A Merciful and Faithful High Priest
Ultimately, Jesus was made like His brothers in order to an effective ministry in their behalf; i.e., "a merciful and faithful High Priest." In order to arrive safely in the presence of the Lord, we require heavenly resources. We sorely need "mercy, and grace to help, in the time of need." How will we receive it? It will be from our High Priest, the Lord Jesus Christ! How wonderfully this is stated. "For since He Himself was tempted in that which He has suffered, He is able to come to the aid of those who are tempted" (v 18). The temptation of Jesus has been a source of controversy with some teachers. Some choose to believe Jesus could not be tempted, because, say they, He was God. They forget, however, that Jesus "emptied Himself" of the prerogatives of Deity to assume identity with us. The temptation of Jesus was so strong, the Spirit declares He "suffered, being tempted." In the temptation in the wilderness, "angels came and ministered unto Him" (Matt 4:11). In Gethsemane His bodily constitution broke down as He agonized under the tug of temptation. It was then that "an angel from heaven appeared to Him, strengthening Him" (Luke 22:43). The strength of Christ's temptation transcends our capacity to comprehend it.

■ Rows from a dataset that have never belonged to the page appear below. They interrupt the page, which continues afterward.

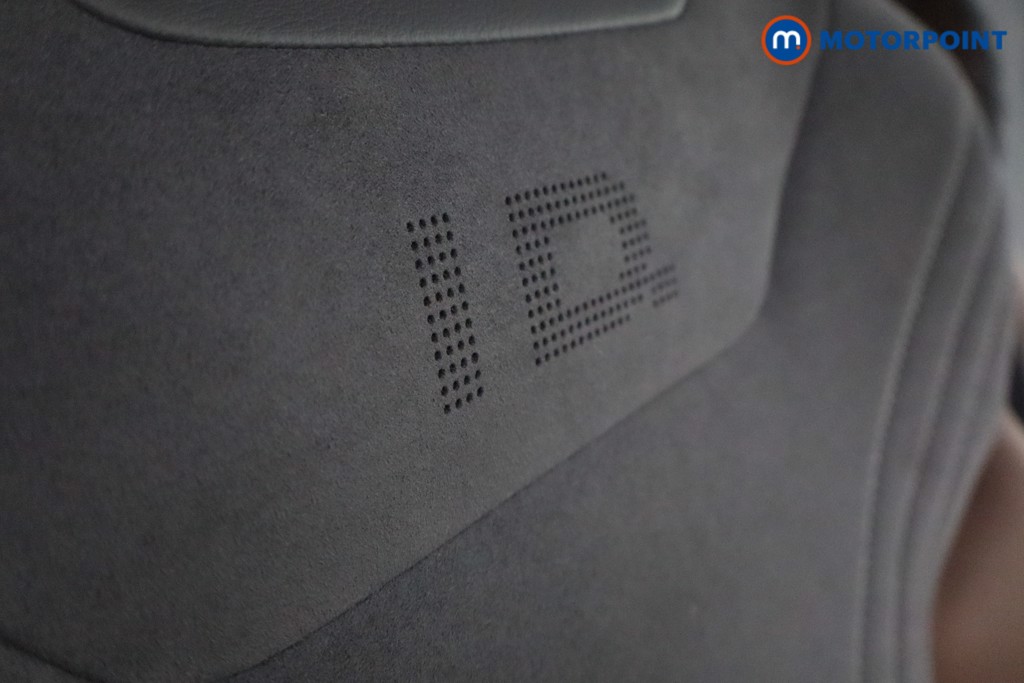 Volkswagen Id.4 1St Edition Pro Automatic Electric SUV - Stock Number (1592820) - 15th supplementary image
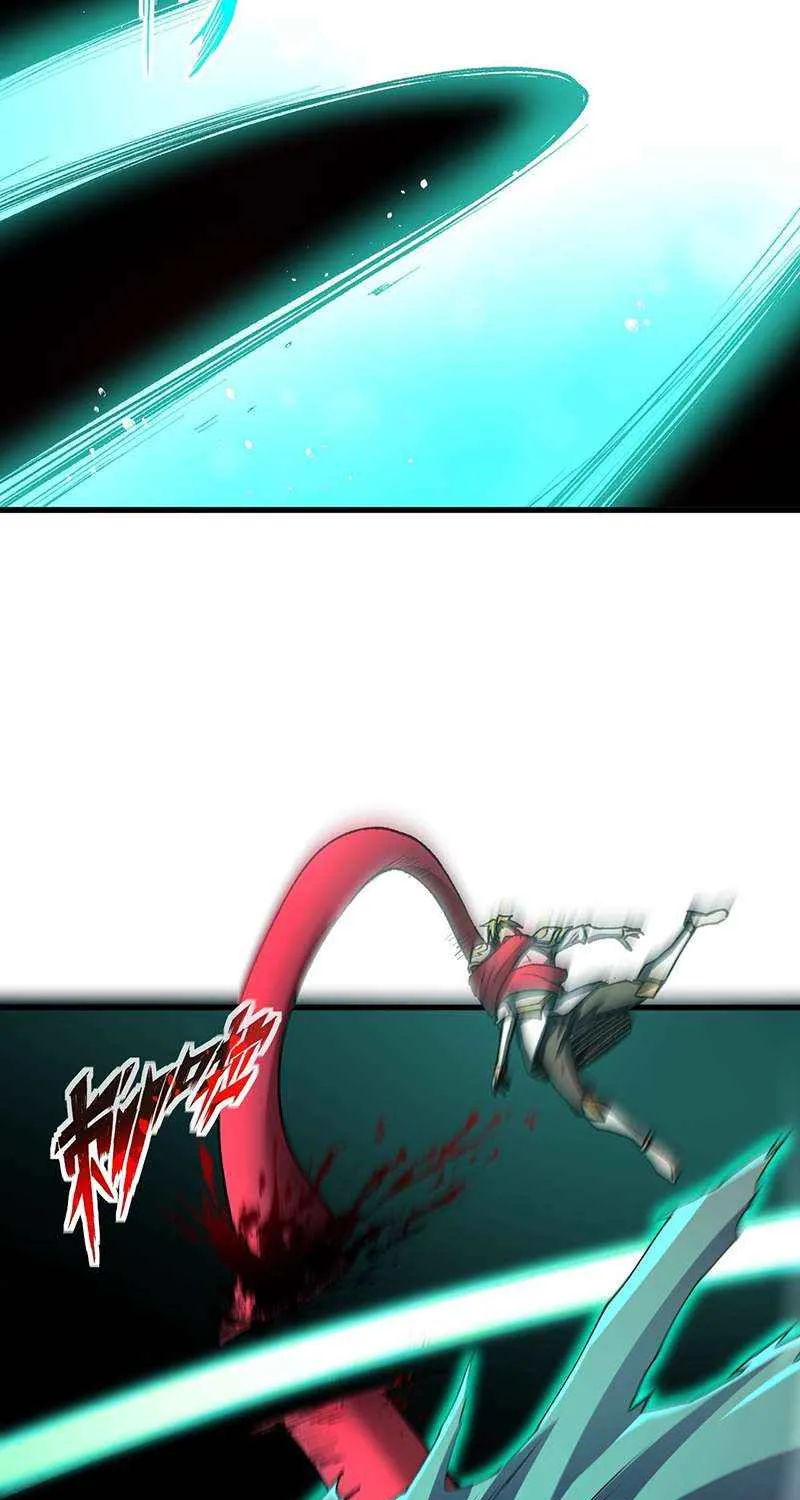 Lord of Summoning When the World Changes Chapter 36 page 15 - 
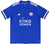 Leicester City 2020/2021 Home adidas (G)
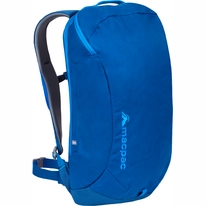 Macpac | Outdoorsupply.nl Macpac | Outdoorsupply.nl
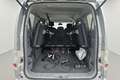 Nissan E-NV200 Evalia SOH 86% 40 kWh Connect Edition 7 PERSOONS Grau - thumbnail 20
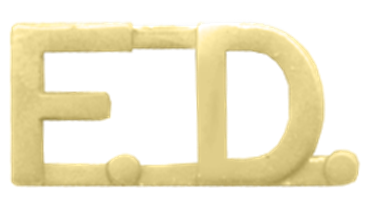 Main image of this item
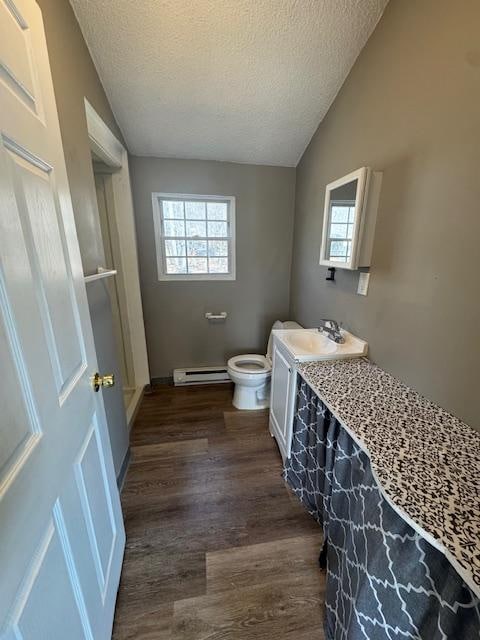 Foto principal - 119 Keene Rd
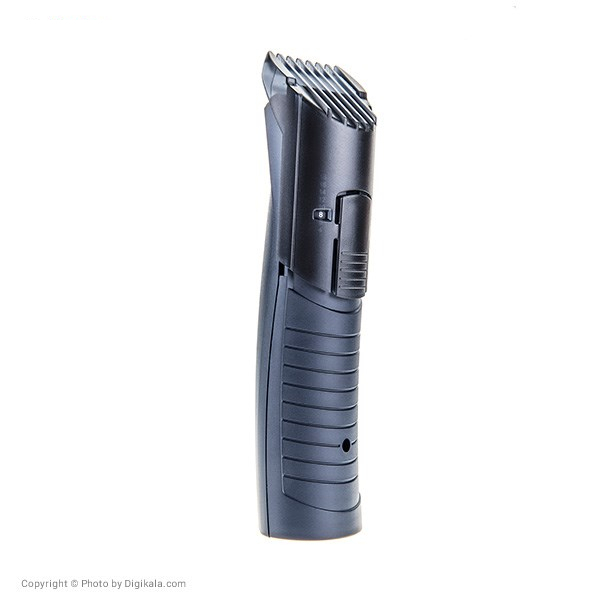 ماشین اصلاح موی سر و صورت بابیلیس مدل Babyliss E696SDE Hair Clipper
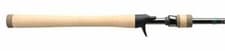 Shimano G. Loomis Conquest MBR Casting Rod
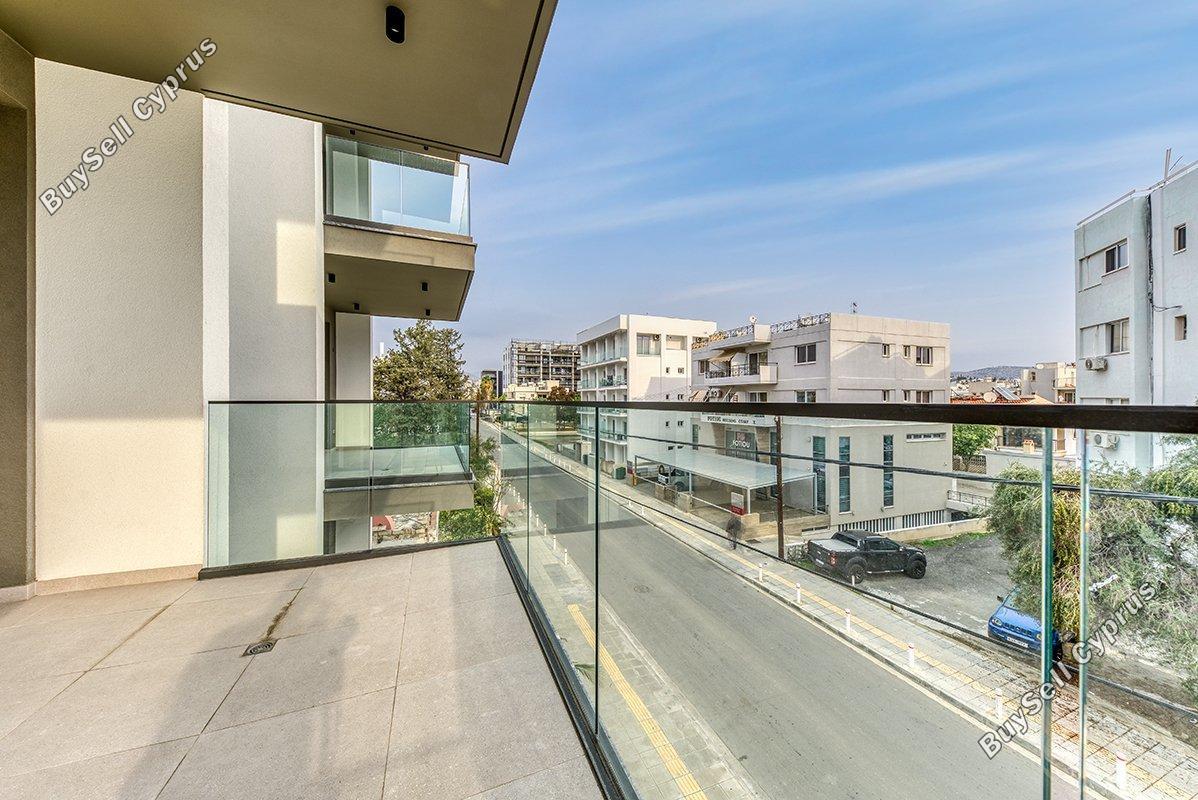1 bedroom apartment for rent potamos germasogeias limassol 8076457 image 16331701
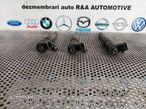 Injectoare Injector Rover 75 Bmw 2.0 Diesel Cod 0445110030 - 5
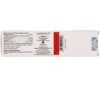 Ustekinumab 90mg Injection
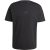 Adidas Casual t-shirt heren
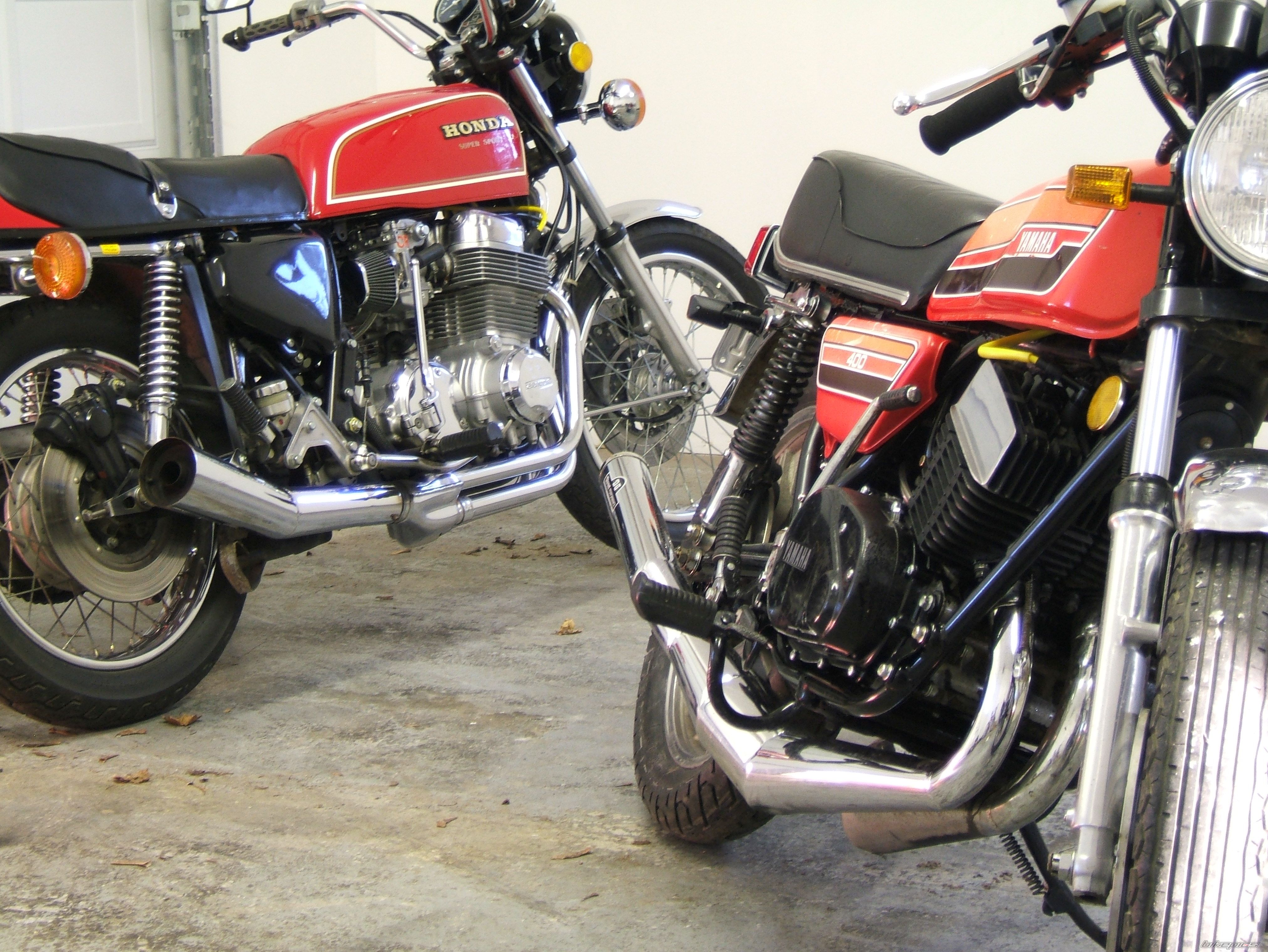 Bike Photo 1123064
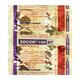 Zocon DT 100mg Tablet 4'S - Fungal Infections-Anf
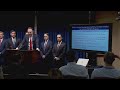 Minnesota autism centers fraud scheme: New charges filed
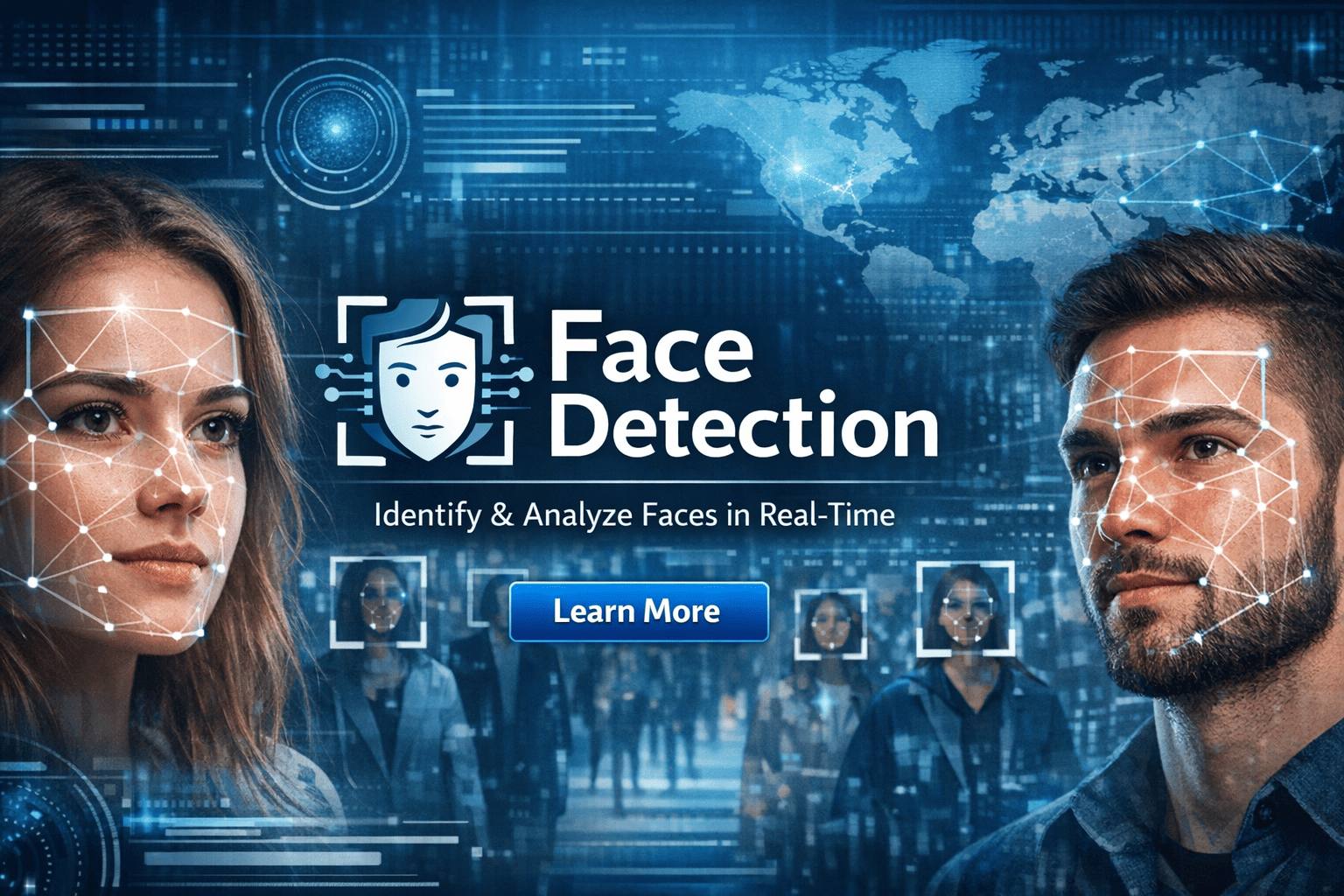 face-detection-api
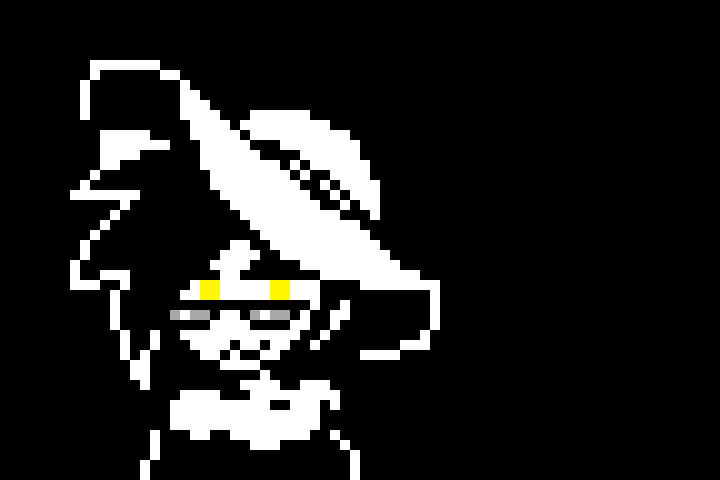 [61341e] -{Impales Byson with her Naginata}-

Why did Jesus suffer such agony? After all, this was the Son of God! Was this necessary in order to expiate sin? Yes it was! The offering of Christ for sin required that He be put through the fire of testing. Not only must He be free of sin, His sinlessness must have stood the test of trial. There is more. Suffering in temptation qualified Him to be both a merciful and faithful High Priest for His people. Now He is able to "succor" them--to nourish them through the time of temptation and testing. He can get heavenly resources to us in the hour of trial! If, in David's day, the Lord could prepare a table for His people in the presence of their enemies (Psa 23:5), can you image what He is capable of preparing for us, now that a thorough atonement has been made?
Child of God, a place has been prepared that enables the people of God to survive the assaults of Satan! Jesus told John to tell the churches about this. "And the woman fled into the wilderness where she had^ a place prepared by God, so that there she might be nourished . . . " (Rev 12:6). You are not required to manage your temptations! The Lord Jesus will see to it that you are not tempted beyond your ability--but that is not all. He will also "nourish" or "succor" you through the temptation. He will do it mercifully and gently. He will be tender with you, because He knows the stresses related with temptation. Faithfulness is found in all of His strengthening. Those that trust in Him will find His mercies are "new every morning." I implore you to trust in your High Priest. He became like you so He could carry you through the difficulties of life. You will make it to glory if you lean upon Him! You can count on Him to come through with consolation. God prepared Him for the ministry, and He has eagerly entered into it. How becoming this is of God!